● How to complete this task:
Only the lines from the one containing "Picture 3 of 4" through the last line of the data below belong in your answer, copied exactly and without pictures.

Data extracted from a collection
----------

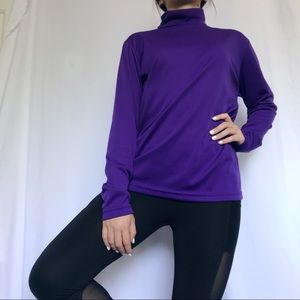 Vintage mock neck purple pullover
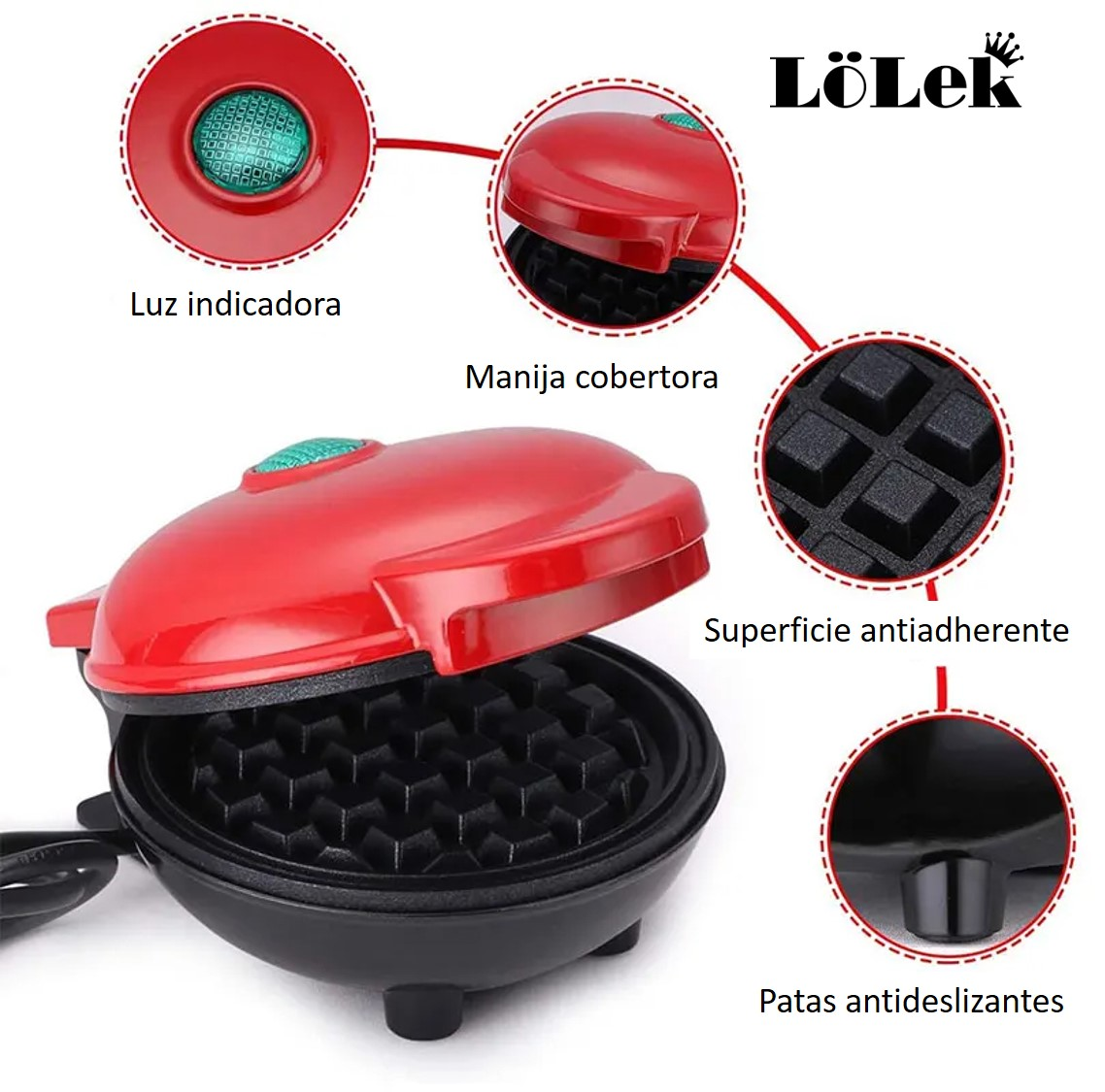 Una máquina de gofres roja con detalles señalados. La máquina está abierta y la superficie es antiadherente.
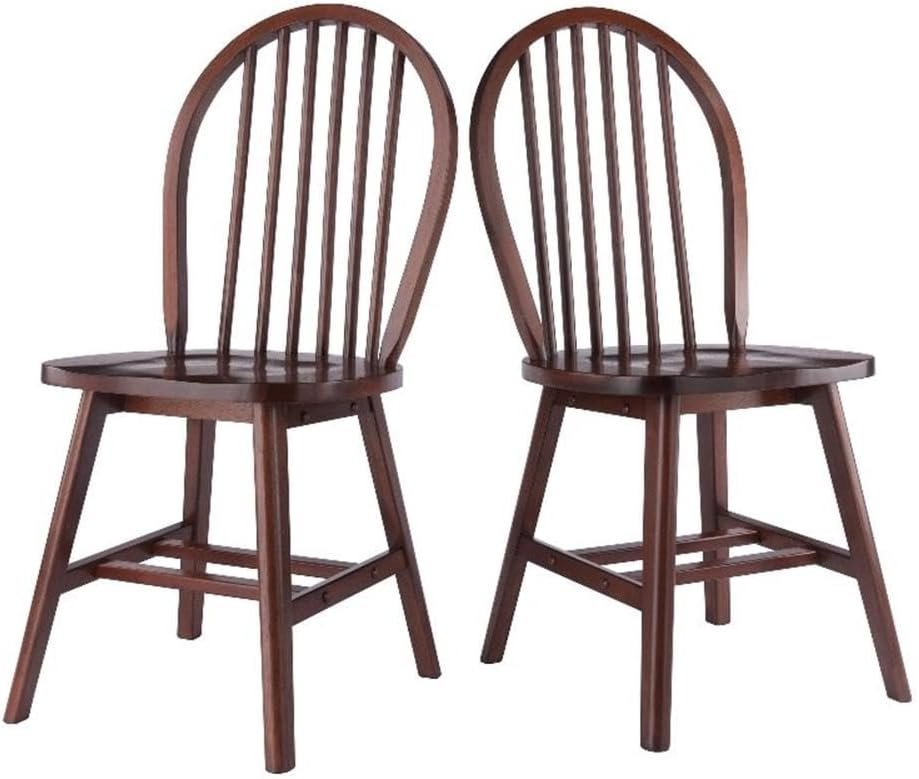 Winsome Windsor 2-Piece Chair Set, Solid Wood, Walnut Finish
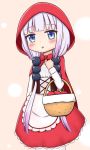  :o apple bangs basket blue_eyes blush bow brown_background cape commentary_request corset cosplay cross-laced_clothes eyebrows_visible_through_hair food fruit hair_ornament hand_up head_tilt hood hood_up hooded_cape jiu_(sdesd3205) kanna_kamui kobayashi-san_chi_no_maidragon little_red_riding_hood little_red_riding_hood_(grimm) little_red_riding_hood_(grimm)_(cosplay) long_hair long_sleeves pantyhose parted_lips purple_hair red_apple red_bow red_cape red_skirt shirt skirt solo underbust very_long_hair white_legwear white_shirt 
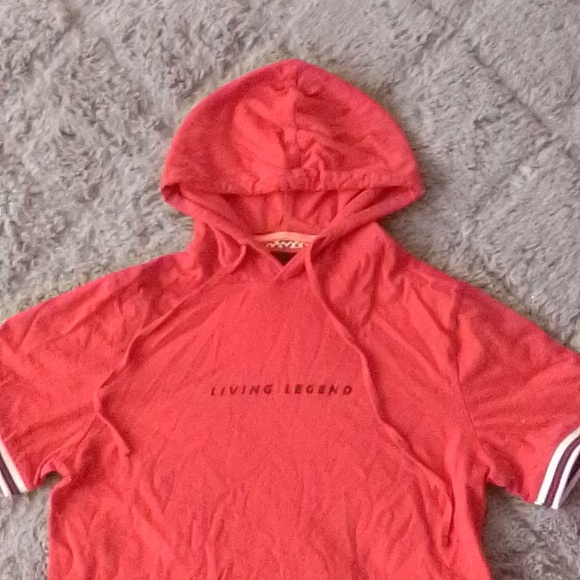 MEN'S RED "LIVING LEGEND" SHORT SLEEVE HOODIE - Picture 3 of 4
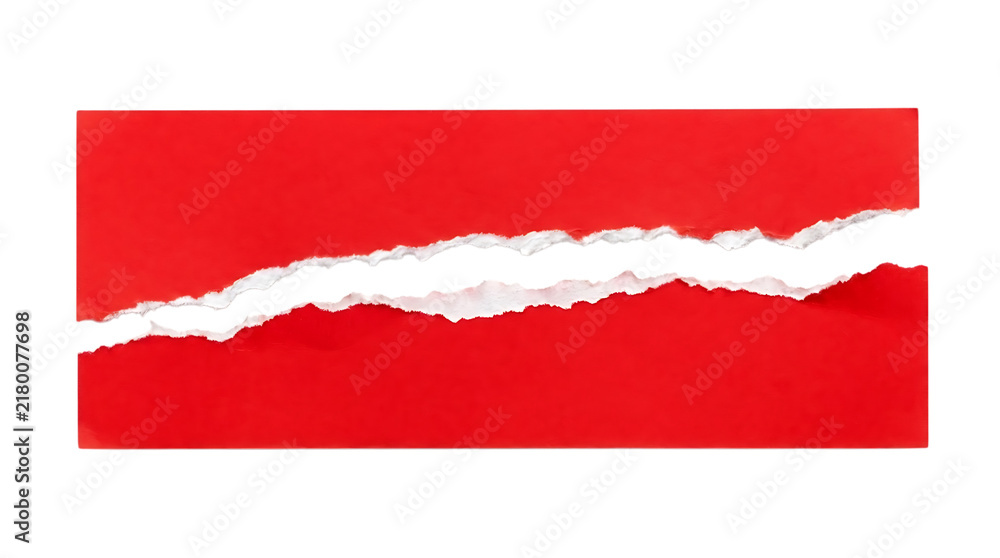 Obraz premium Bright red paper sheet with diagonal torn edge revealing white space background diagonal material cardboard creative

----------

● Exercise response:
 MEN'S RED "LIVING LEGEND" SHORT SLEEVE HOODIE - Picture 3 of 4
 Obraz premium Bright red paper sheet with diagonal torn edge revealing white space background diagonal material cardboard creative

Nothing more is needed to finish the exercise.